EXERCISE REQUIREMENTS
Reproduce only what runs from the line containing "woman in kimono with cherry blossoms" to the line containing "MK2 3DX map" in the records below, inclusive. Keep it exact, and keep the pictures out.
··· AVAILABLE DATA
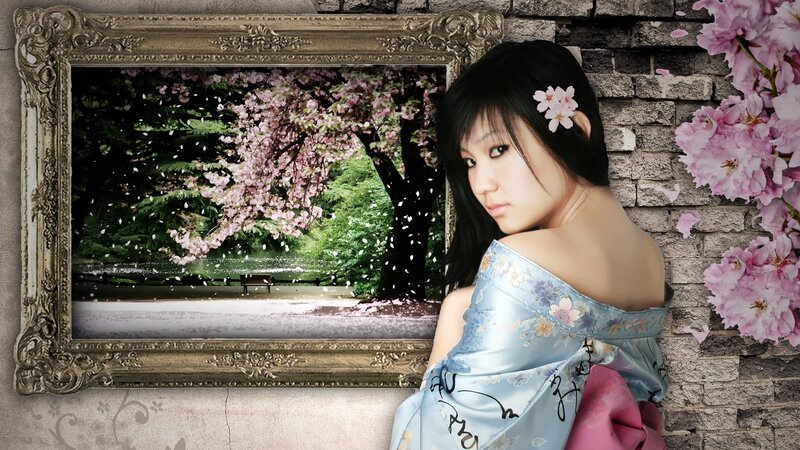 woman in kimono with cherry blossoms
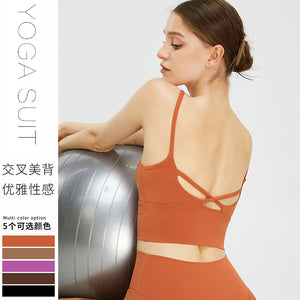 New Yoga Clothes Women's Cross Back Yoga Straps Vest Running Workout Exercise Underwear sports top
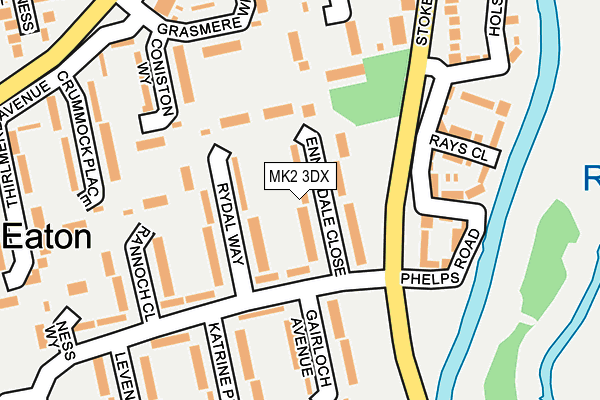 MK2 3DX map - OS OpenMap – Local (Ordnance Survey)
······
··· AVAILABLE DATA
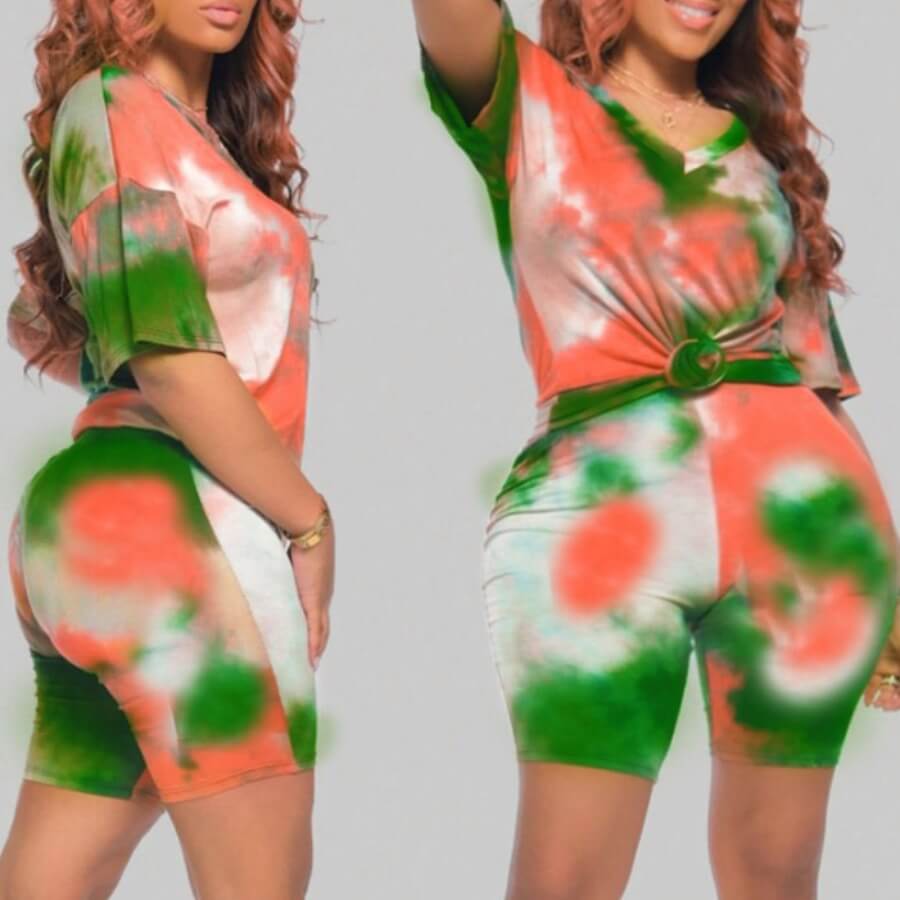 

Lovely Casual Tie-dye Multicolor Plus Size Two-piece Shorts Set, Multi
······
RESPONSE BELOW
 woman in kimono with cherry blossoms
 New Yoga Clothes Women's Cross Back Yoga Straps Vest Running Workout Exercise Underwear sports top
 MK2 3DX map - OS OpenMap – Local (Ordnance Survey)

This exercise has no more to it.